WHAT THIS TASK INVOLVES
Restate each line of the listing exactly, without carrying over any pictures.

SUPPLIED RECORDS

┄┄┄┄┄┄┄┄┄┄

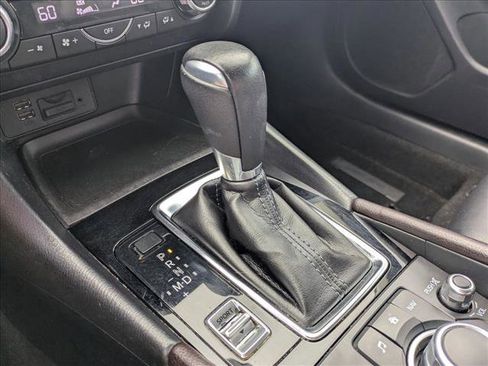 Used 2017 MAZDA MAZDA3 Touring image 12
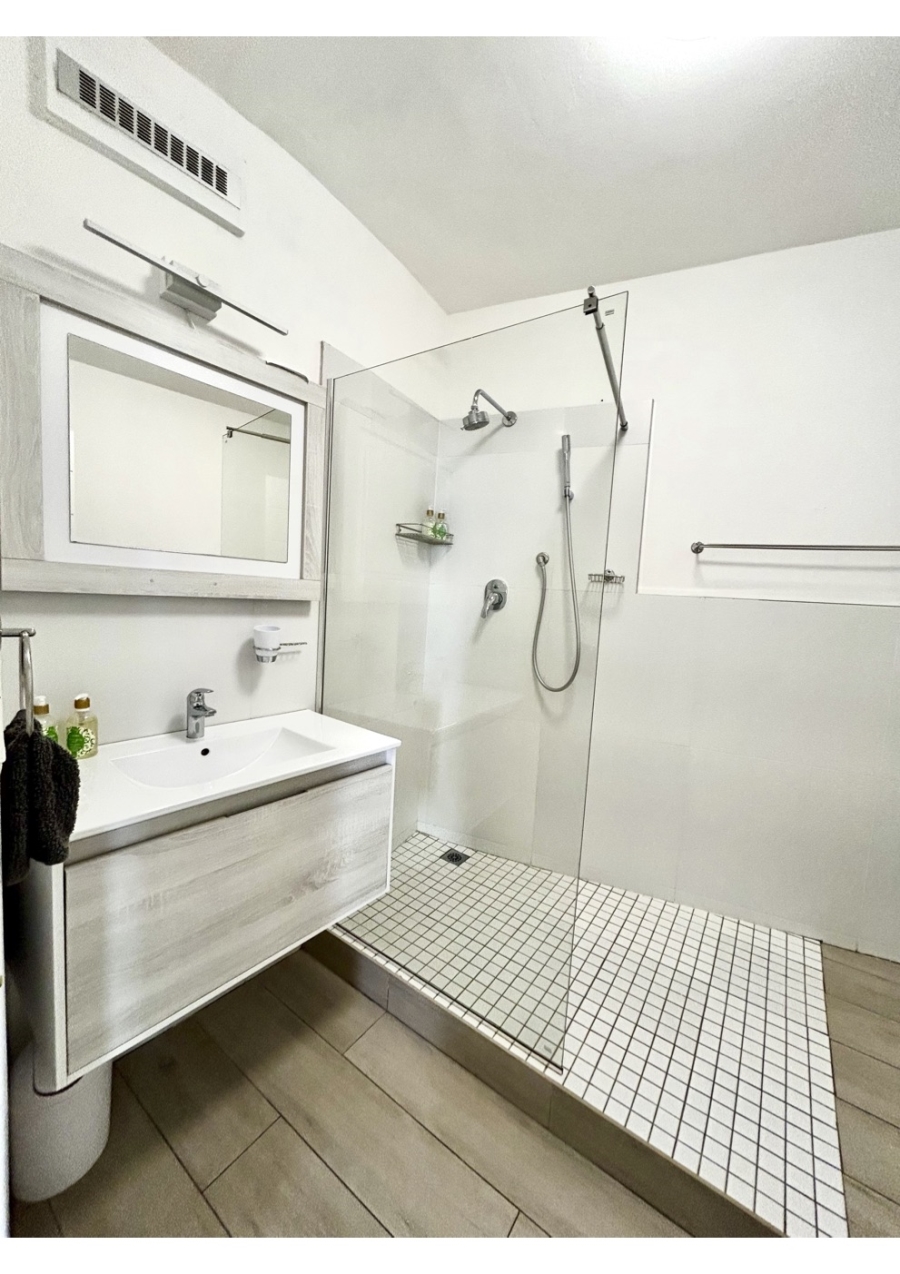2 Bedroom Property for Sale in Vredehoek Western Cape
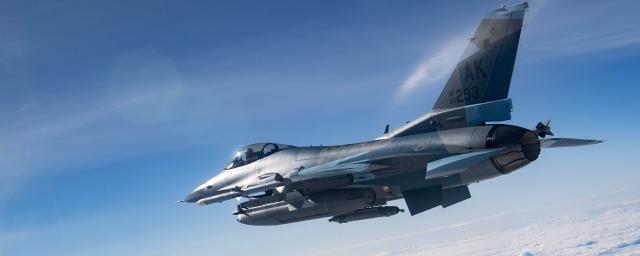 Зеленский: Некоторые страны передадут мощное количество истребителей F-16 Киеву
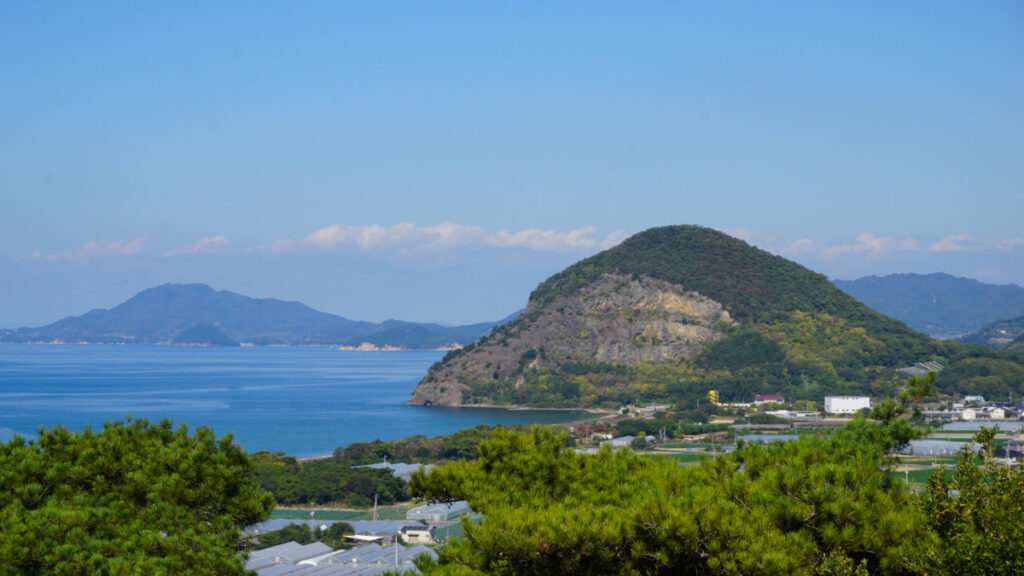 Cycling the Kagawa coastline ©
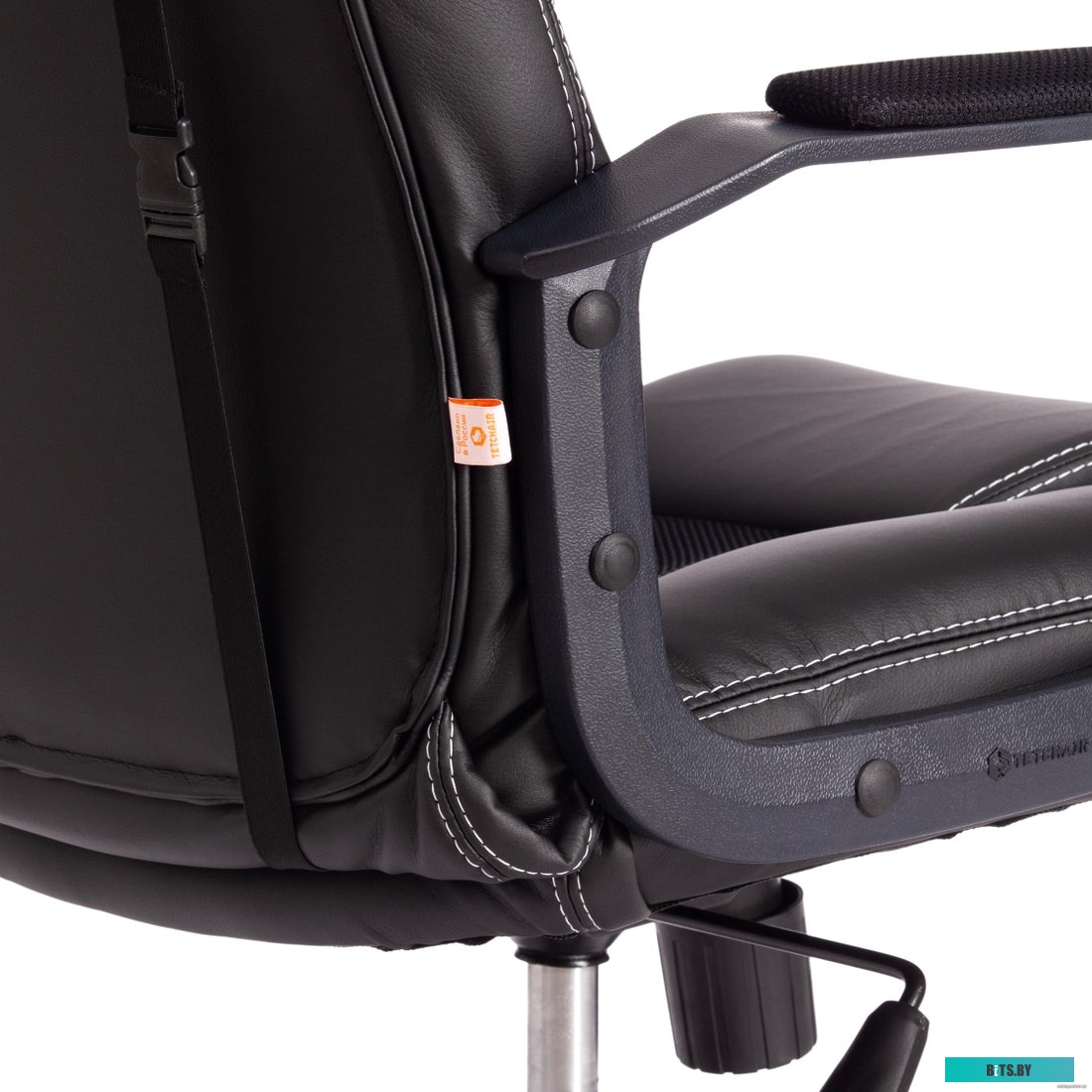 TetChair Driver (иск. кожа/ткань, черный/черный)
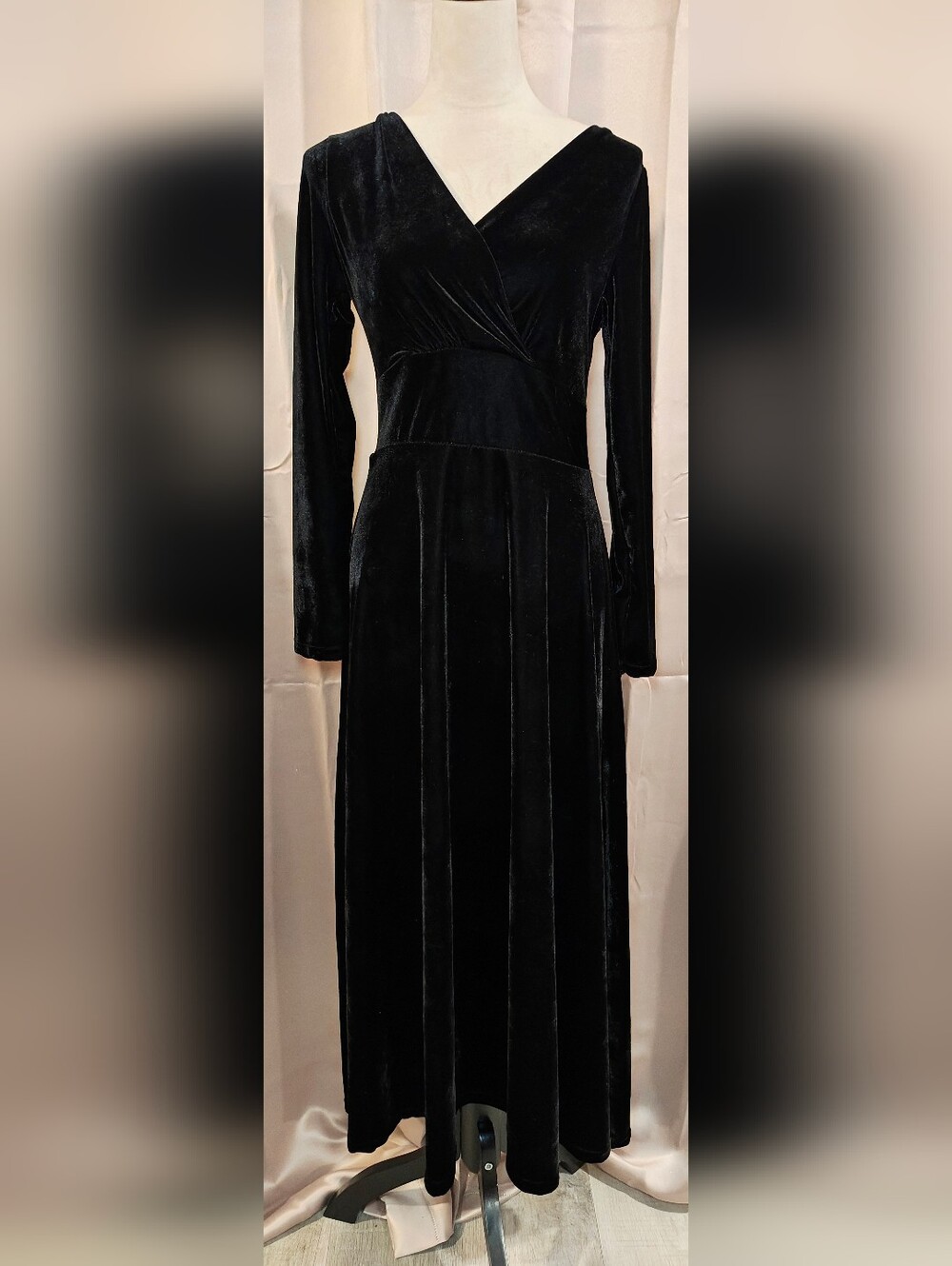 🖤Escalier Black Velvet V-Neck Long Sleeve Maxi Dress 🖤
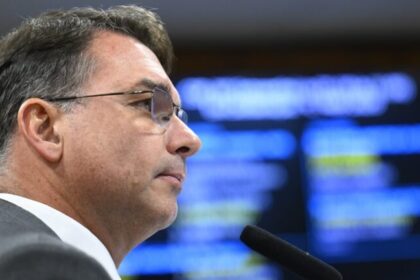 Flávio Bolsonaro parabeniza o pai pelos 71 anos e lamenta restrições de convivência 20 ocrente 1774106369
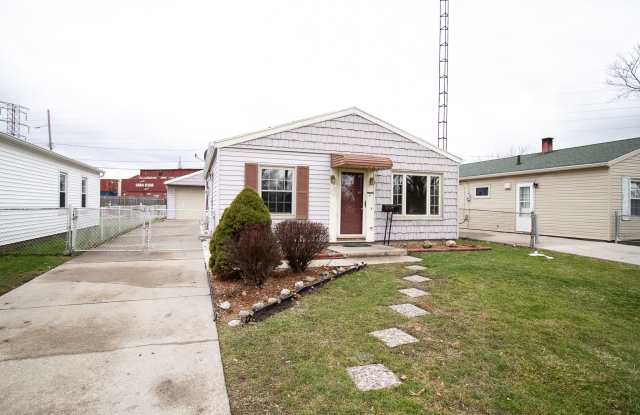 731 Reineck Dr photos photos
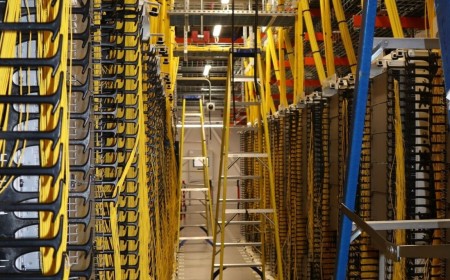 AWS mumbles about its cost-busting networking tech when it should be shouting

┄┄┄┄┄┄┄┄┄┄

ANSWER
 Used 2017 MAZDA MAZDA3 Touring image 12
2 Bedroom Property for Sale in Vredehoek Western Cape
 Зеленский: Некоторые страны передадут мощное количество истребителей F-16 Киеву
 Cycling the Kagawa coastline ©
 TetChair Driver (иск. кожа/ткань, черный/черный)
 🖤Escalier Black Velvet V-Neck Long Sleeve Maxi Dress 🖤
 Flávio Bolsonaro parabeniza o pai pelos 71 anos e lamenta restrições de convivência 20 ocrente 1774106369
 731 Reineck Dr photos photos
 AWS mumbles about its cost-busting networking tech when it should be shouting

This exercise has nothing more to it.